Pero también ha sido resultado de fenómenos como la apropiación ilegal de baldíos por parte de algunos empresarios que le han robado tierras a la Nación, las cuales por ley están destinadas a los campesinos que no tienen predios. Además, la entrega desmesurada de títulos mineros a grandes multinacionales y el paramilitarismo que despojó a los campesinos de sus tierras para luego entregárselas a los terratenientes, ahondaron la contra-reforma agraria que condena al país a un modelo de desarrollo con marcado sesgo anticampesino.

Lo que requiere el sector rural del país es otra economía que ponga en el centro a los campesinos, al cuidado ancestral de la biodiversidad, a las comunidades afro y a los resguardos indígenas, para que puedan desarrollar proyectos productivos que les permitan vivir de manera digna, con un comercio que pague un precio justo por los productos que cosechan y con acceso a tecnología, sistemas de riego, técnicas agropecuarias y créditos. Y ante todo, estos grupos necesitan tener tierra propia, ya sea que se les restituya si les fue despojada, se les adjudiquen terrenos baldíos o se les formalice la tierra que han trabajado durante años. Para ello se requiere, además, que el Estado recupere las tierras que le fueron robadas por algunos empresarios.

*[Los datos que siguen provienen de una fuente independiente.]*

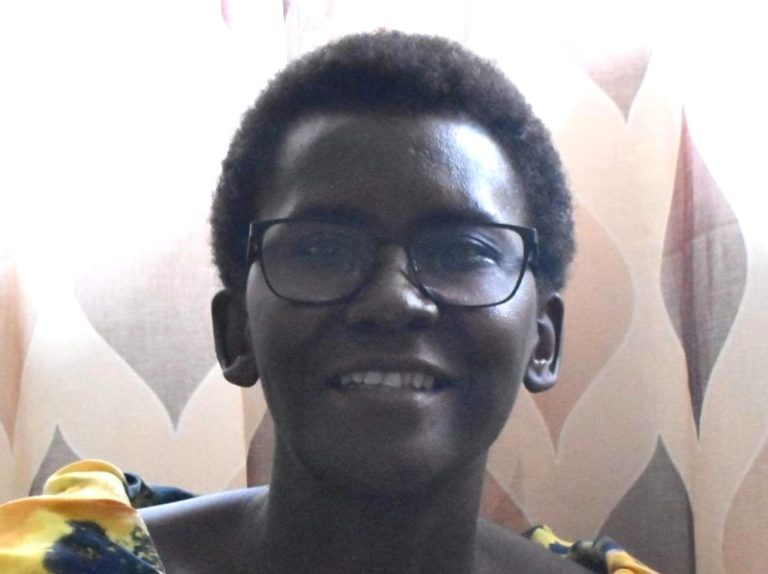 202604Dr-Stella-Amero-Eduan.-Gulu-University-dean-of-students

En ese camino, el Acuerdo de Paz firmado entre el Gobierno y las FARC-EP abre la posibilidad de generar reformas en el campo colombiano que empiecen a promover una economía campesina y familiar respaldada en el acceso a la tierra y en los programas y proyectos de las instituciones del Estado. Como diría el profesor Flavio Vladimir Rodríguez, de la Universidad Externado de Colombia: “El país debe comenzar por construir una economía para la paz, ya que históricamente el país ha constituido una economía en la guerra y para la guerra”.

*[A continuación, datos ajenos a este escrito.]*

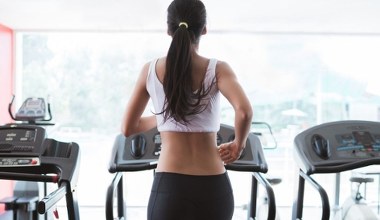 Nowy sposób na młodość? Betaina może zastąpić intensywny trening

El Fondo de Tierras, el Plan Nacional de Economía Solidaria, el programa de sustitución de cultivos de uso ilícito, los centros de acopio para la producción campesina y el apoyo a las Zonas de Reserva Campesina u otras formas asociativas solidarias, son algunas de las iniciativas pactadas en el Acuerdo de Paz que pueden darle un giro a la economía del campo colombiano y generar condiciones de vida digna para los campesinos.

Algunos se preguntarán qué tiene todo esto que ver con la vida en las ciudades. Y la respuesta es tautológica: ¡Mucho!, porque un campo que recupere su vitalidad y brinde oportunidades a la población rural puede posibilitar el retorno a miles de personas desplazadas que tuvieron que huir a las ciudades expulsadas por la violencia, y que tuvieron que disputarse en las grandes urbes un lugar dónde vivir, un empleo para comer, educación para sus hijos y salud para su familia. Además, se garantiza un campo con campesinos sembrando, cosechando y distribuyendo alimentos a un precio justo y no un campo tomado por fincas y haciendas ganaderas «potrerizando» y erosionando suelos. Mejor dicho: la paz es a la biodiversidad lo que el campesino al campo.

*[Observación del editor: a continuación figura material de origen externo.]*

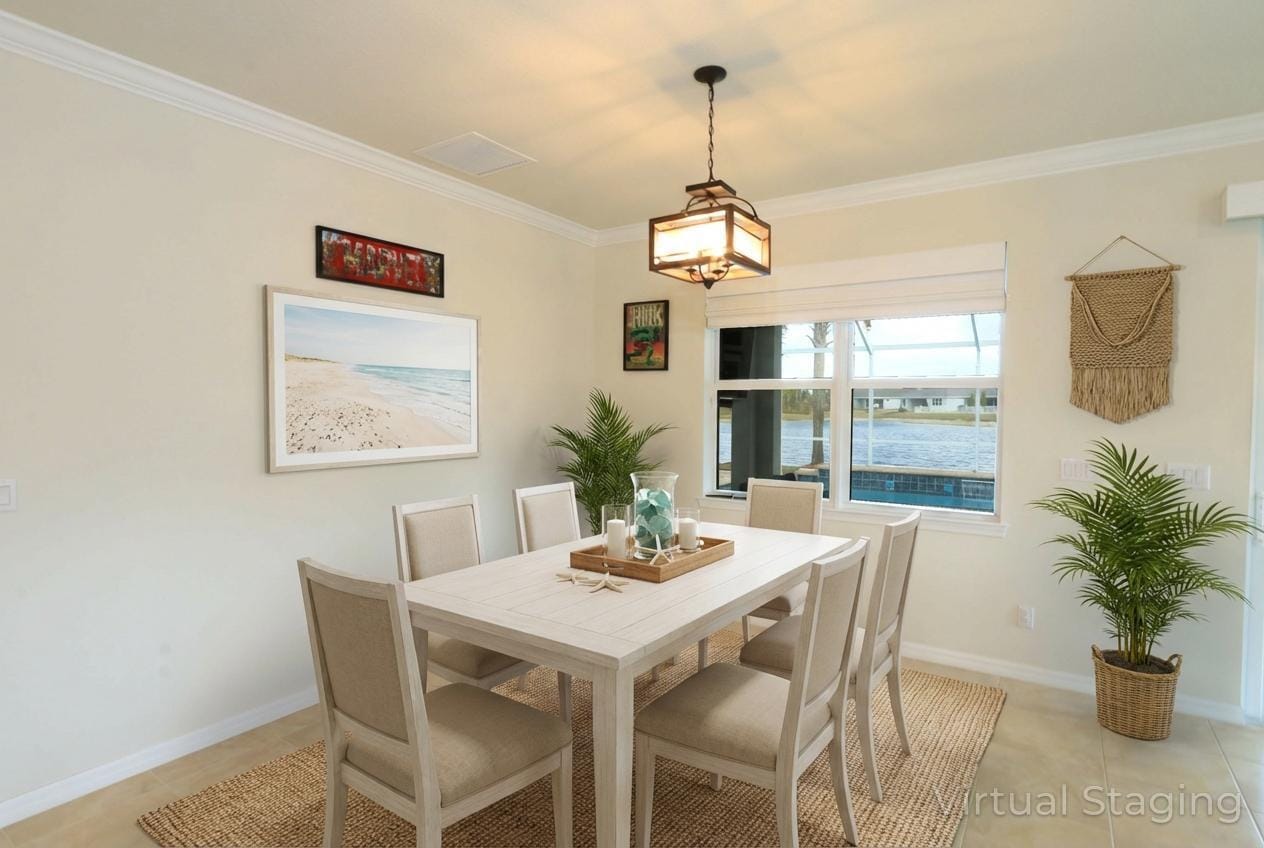 12665 SW Cattleya Lane — photo 10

Así, un campo con buena producción alimentaria y con un comercio justo puede reducir los precios en los insumos de la canasta familia y contribuir a disminuir el hambre en las ciudades, donde el precio de los alimentos resulta excesivo.

Por eso, la presente edición del periódico A la Calle está dedicada al tema de la economía de lo social y lo solidario, en el campo y en la ciudad; a esa otra economía que requiere el país para que lo más importante sea el buen vivir de todos los seres humanos y no la acumulación de la riqueza en unas pocas manos. Se advierte, pues, en el sentido más realista y hobbesiano que donde hay hambre habrá guerra de todos contra todos.